**EXERCISE INSTRUCTIONS**
Below is a listing. Return the lines from the one that contains "A Steiff penguin, H." to the one that contains "vòng trầm hàng tốc bọc vàng 18k", both ends included, verbatim and with no pictures.

**INFORMATION PROVIDED**
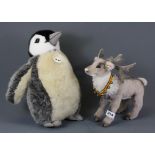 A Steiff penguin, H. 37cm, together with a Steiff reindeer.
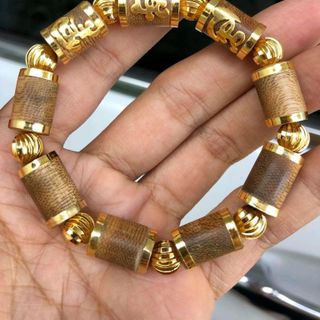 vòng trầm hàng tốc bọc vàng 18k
==
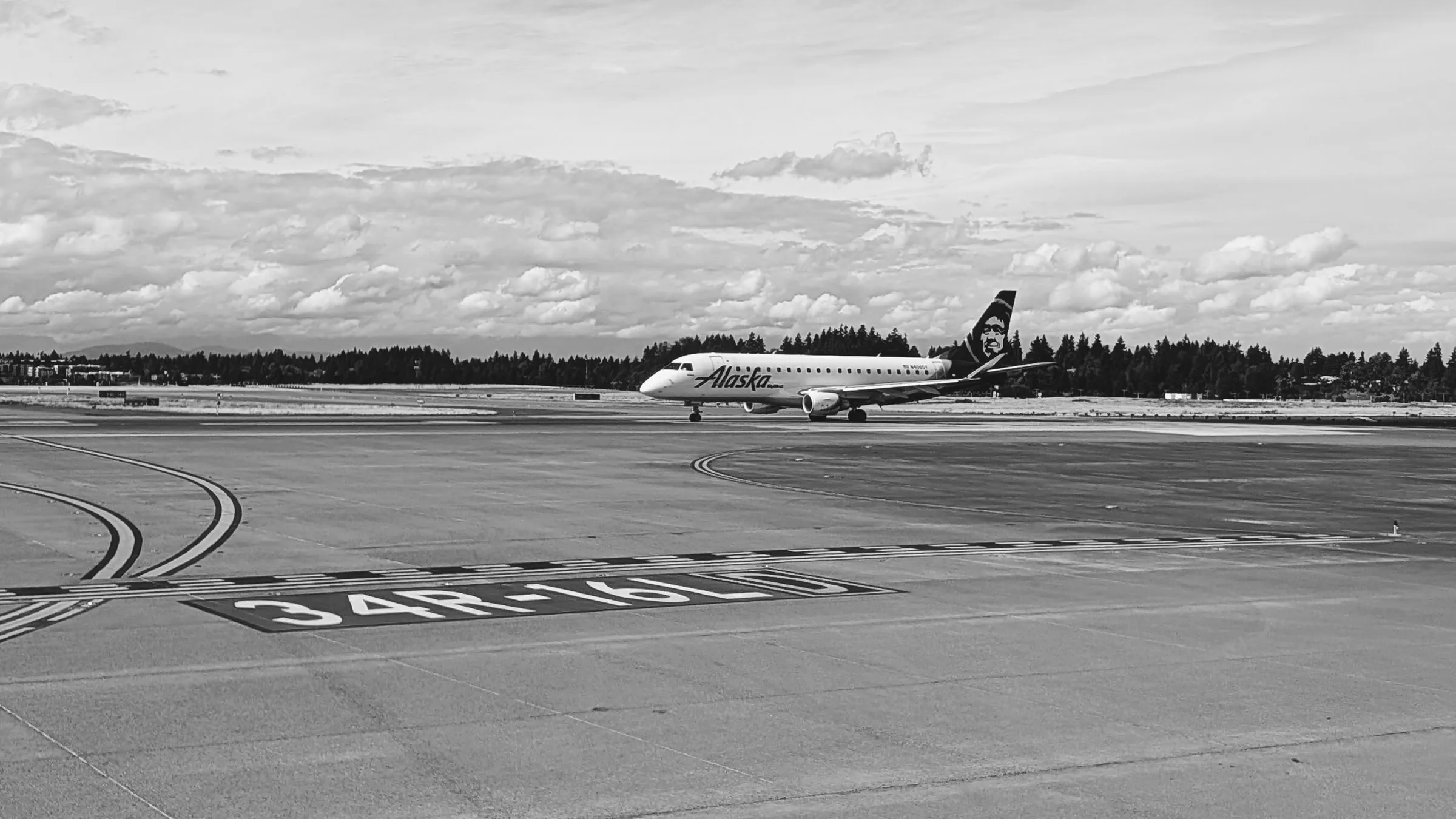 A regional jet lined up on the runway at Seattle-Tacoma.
...
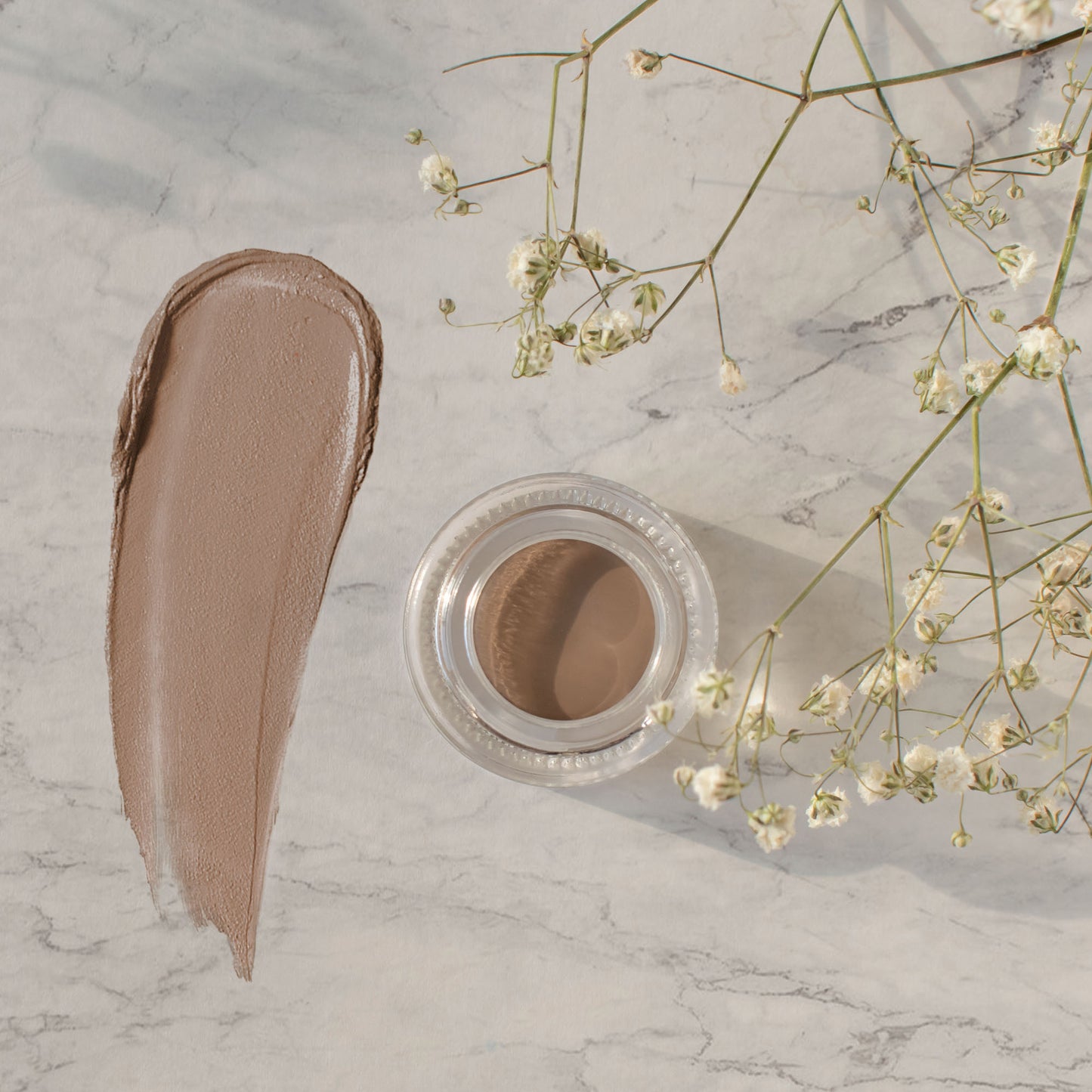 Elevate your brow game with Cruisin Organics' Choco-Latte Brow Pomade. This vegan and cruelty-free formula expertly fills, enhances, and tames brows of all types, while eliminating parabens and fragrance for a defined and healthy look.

**RESULT OF THIS TASK**
 A Steiff penguin, H. 37cm, together with a Steiff reindeer.
 vòng trầm hàng tốc bọc vàng 18k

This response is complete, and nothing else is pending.